L’audio montre une toute autre version des faits. On entend le jeune homme essayer vainement de convaincre le Directeur de l’ONEC : « C’est le ministère qui a organisé le point de presse et qui nous a invités (mon équipe et moi) pour expliquer les nouvelles fonctionnalités ». Mais, Ali Abdou se sent vexé. Il fait comme si la conférence de presse organisée par son ministère et dans laquelle Saïd Maoulida n’est qu’un invité était une attaque personnelle, alors qu’il exerce une fonction étatique. Sa colère prédomine et il ne voit plus l’intérêt de l’État et des usagers. Au lieu de s’en prendre à son ministère, il fonce vers la facilité : détruire le rêve d’un jeune homme génial qui avec un DUT a réussi à améliorer la vie de ses compatriotes.

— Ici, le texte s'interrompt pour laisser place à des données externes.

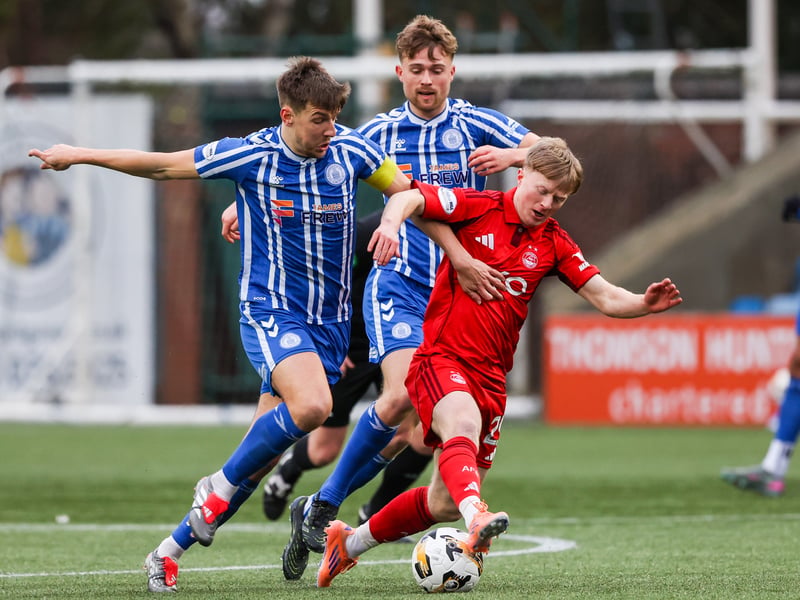 After failing to secure a regular spot in the Rangers squad under Danny Rohl, the former Dundee playmaker opted to link up with Aberdeen in mid-January. Had an excellent debut, playing a big role in the winning goal during a 1-0 victory against Raith Rovers in the Scottish Cup, and has started the club's last three league games.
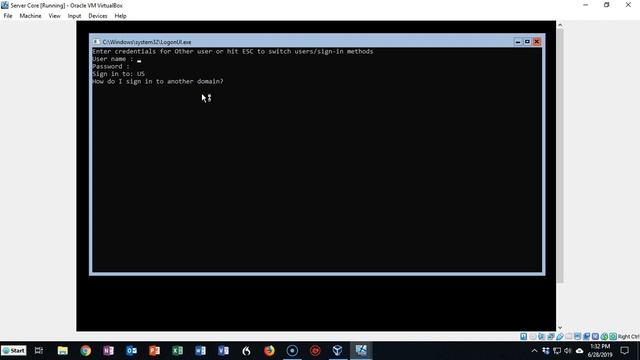 Promoting Server Core to a Domain Controller смотреть онлайн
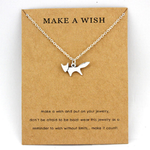 Veile Studios Lucky Fortune Wish Pendant Necklaces Necklaces & Pendants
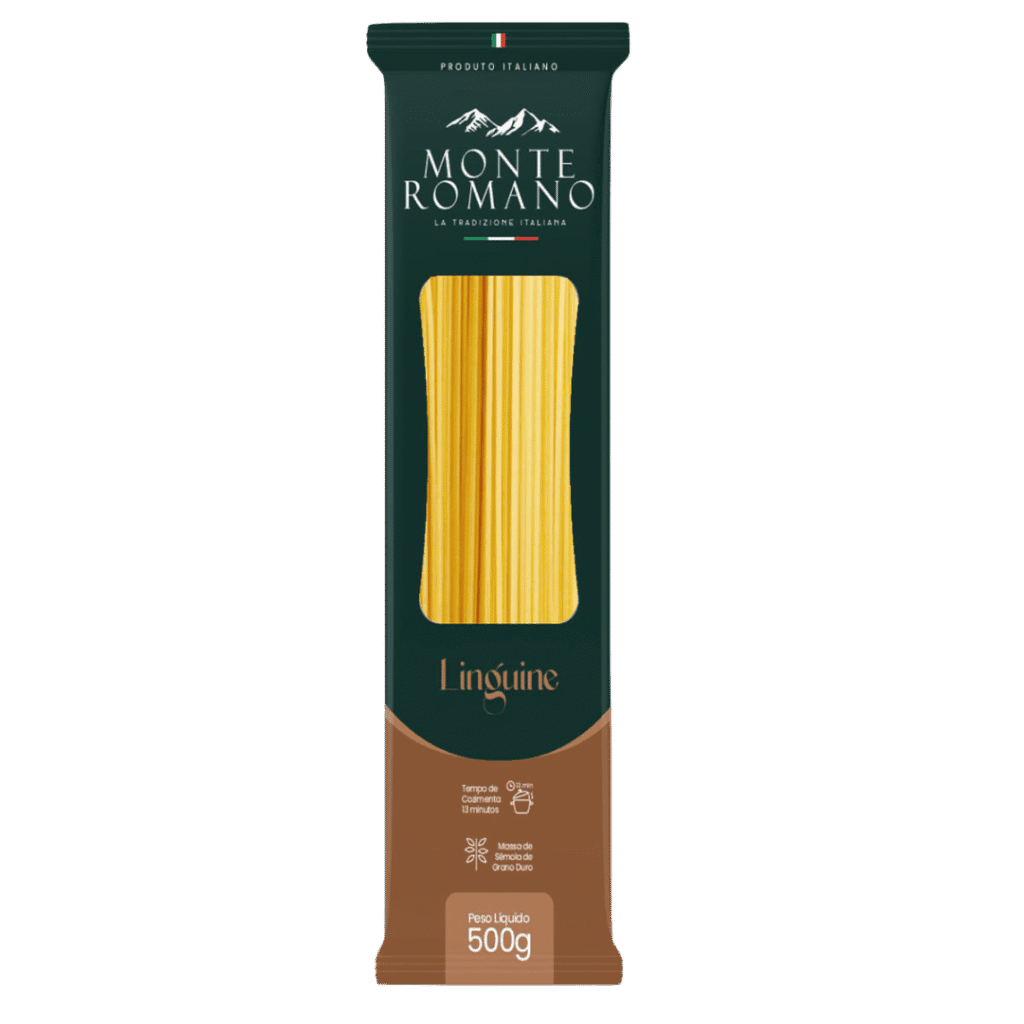 Massa Monte Romano Linguine 500g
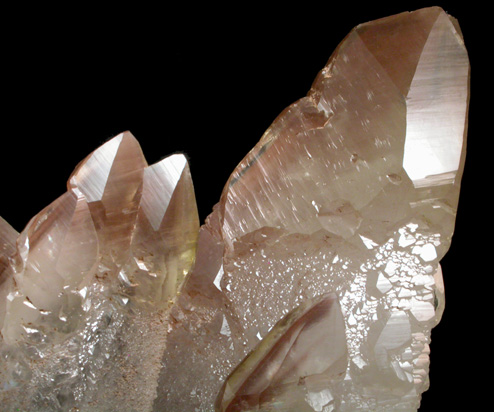 Calcite on Calcite from Hengyan, Hunan Province, China
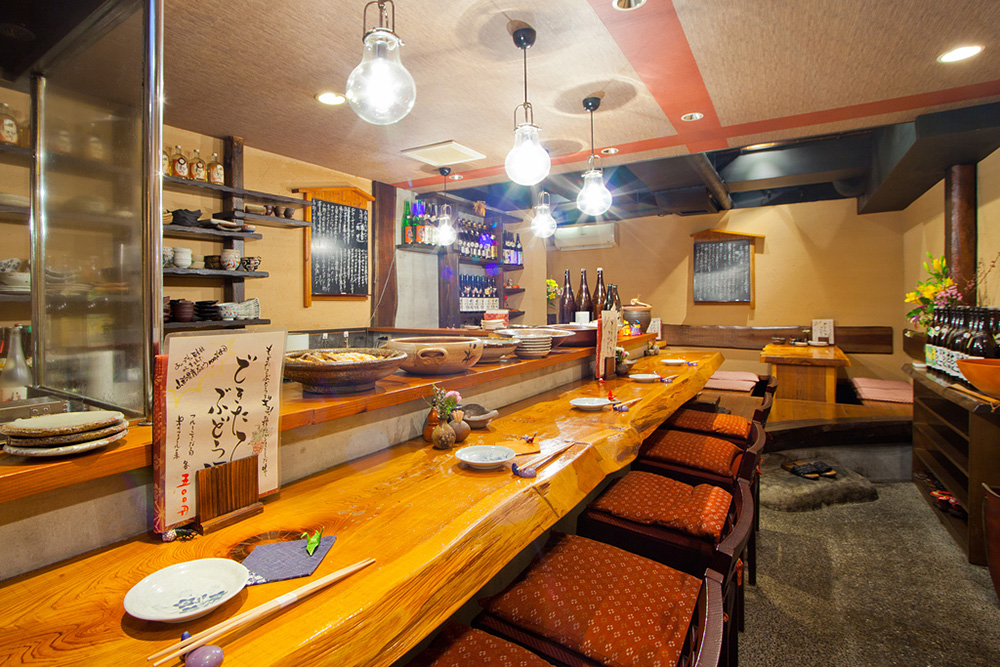 Japanese style bar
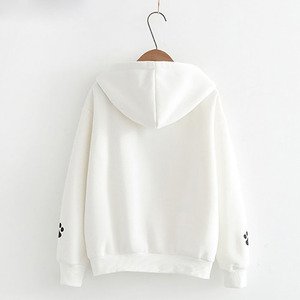 Sweat à capuche en molleton pour homme, de haute qualité, imprimé en sérigraphie, écologique, avec logo en relief, col à capuche uni, streetwear d'hiver - Product Image 2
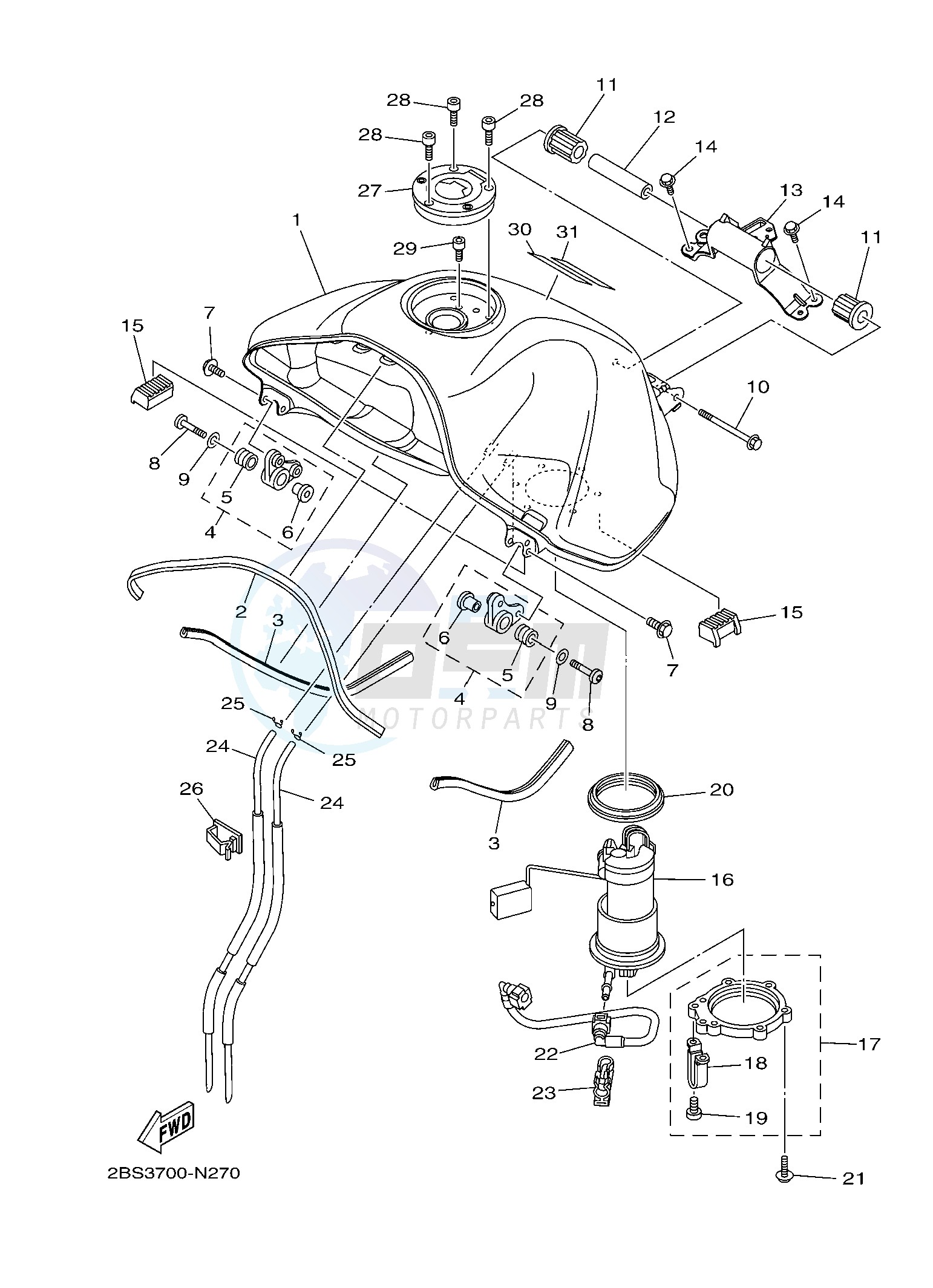 FUEL blueprint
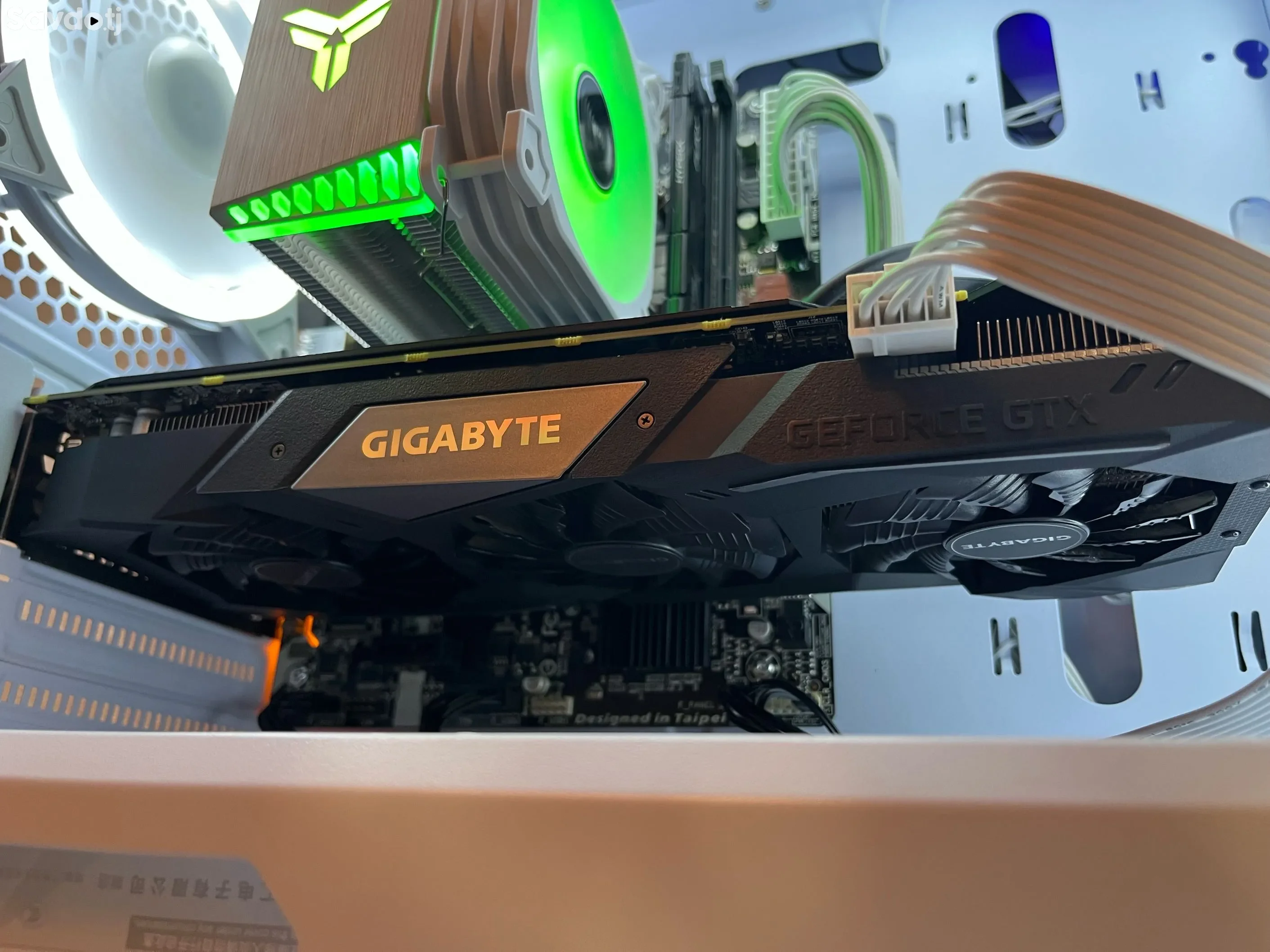 Игровой ПК i5 9400f GTX 1660ti, SSD M.2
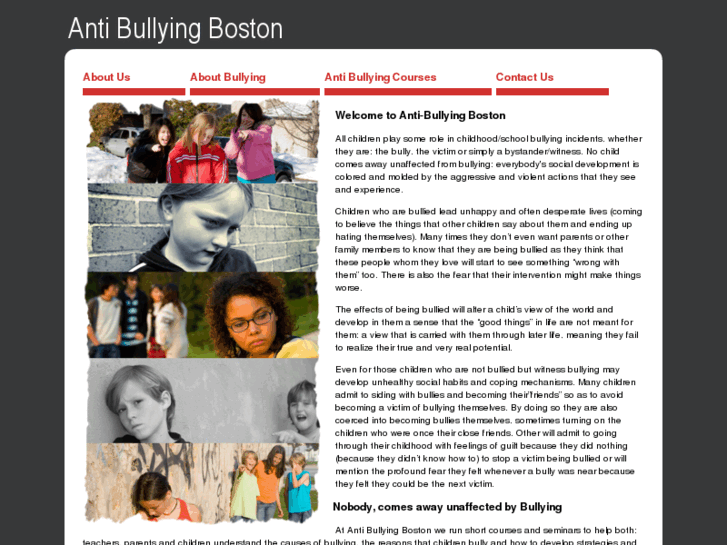 www.schoolbullyingboston.com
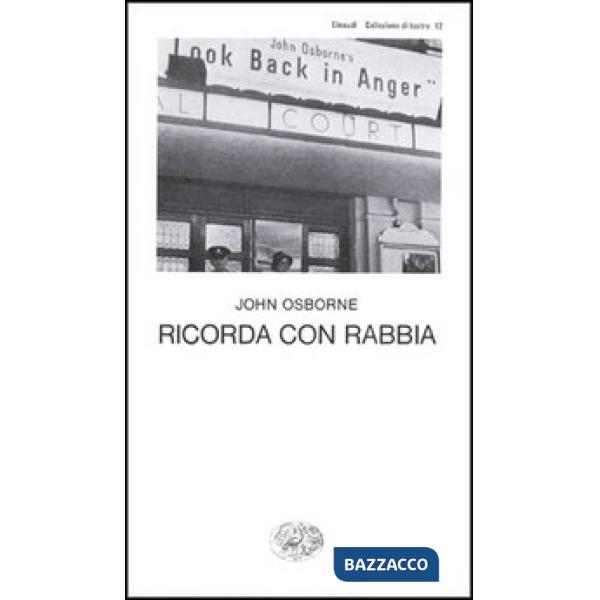 Ricorda con rabbia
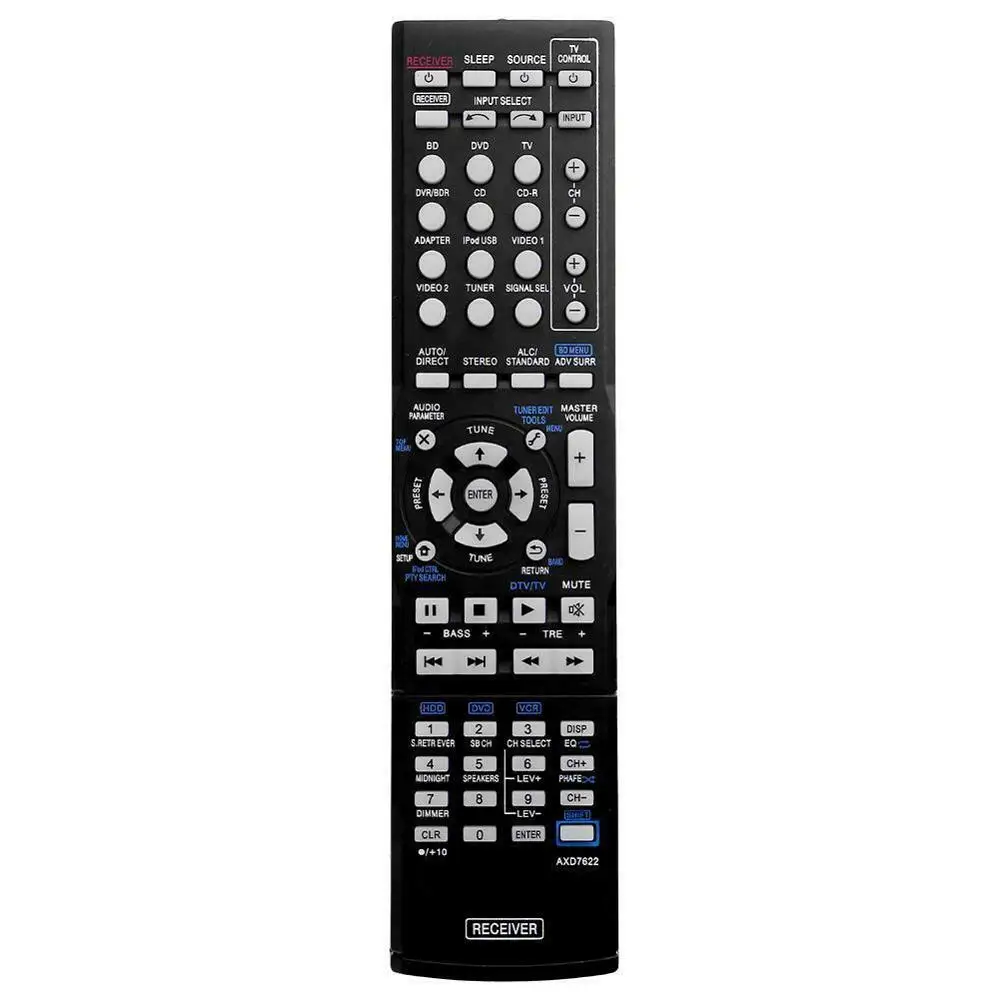 Замена пульта дистанционного управления для Pioneer AV приемника AXD7622 AXD7661 |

Il est si facile de détruire ! Sans tenir compte du temps passé à construire !
Ce responsable de l’ONEC s’est ensuite acharné contre l’informaticien, le rappelant pour le menacer de prison : « Tu as bien entendu ce que j’ai dit : il n’y a pas de diffusion de résultats d’examens par ton application. Même cinq jours après, si tu le fais, je t’enferme ». Puis trois jours après, il le rappelle : « Qu’est-ce que je t’ai dit il y a trois jours ? (- Tu m’as dit de ne pas publier les résultats.) Alors pourquoi tu as envoyé quelqu’un à Mwali demander les résultats ? Rappelle ton gars avant que sa mort n’arrive » (en shikomori : « para emdru wa haho yalawe yapvo raha ye andjali ya hahe ye djadja »). Nous avons donc un fonctionnaire du ministère de l’Éducation nationale qui se permet de menacer un jeune homme de le mettre en prison, puis un autre de mort et anéantit le travail de plusieurs mois par orgueil. Voilà les Comores d’aujourd’hui ! Et tout cela sans que ni le ministre, ni le gouvernement, ni le chef de l’État qui ne cesse de parler des jeunes dans ses discours ne s’en émeuvent !
La colère des usagers
Les usagers de Natidja n’ont pas caché leurs mécontentements. Sur les réseaux sociaux, la colère s’est fait sentir. Les utilisateurs ont dénoncé l’abus des autorités à vouloir démolir et déconstruire les efforts de la jeunesse. Certains se demandent comment le pays évoluera si les responsables découragent les jeunes dans leur volonté d’entreprendre.
Pour la délibération des résultats de 2021, l’ONEC a utilisé une autre application. Celle-ci était téléchargeable uniquement sous Android. Beaucoup de dysfonctionnements ont été signalés par les utilisateurs.
Quant à Saïd Maoulida, cette aventure avec son application Natidja l’a rendu plus prudent. Il souhaite s’investir maintenant dans des projets qui ne dépendent pas trop d’autres personnes qui peuvent jeter à la poubelle des heures et des jours de travail sous le coup de la colère. Il voudrait pouvoir s’ouvrir au monde, faire des applications qui touchent au-delà des Comores. C’est tout le bien qu’on peut lui souhaiter dans ce pays qui ne valorise le talent de ses jeunes que quand ils ont été reconnus à l’extérieur.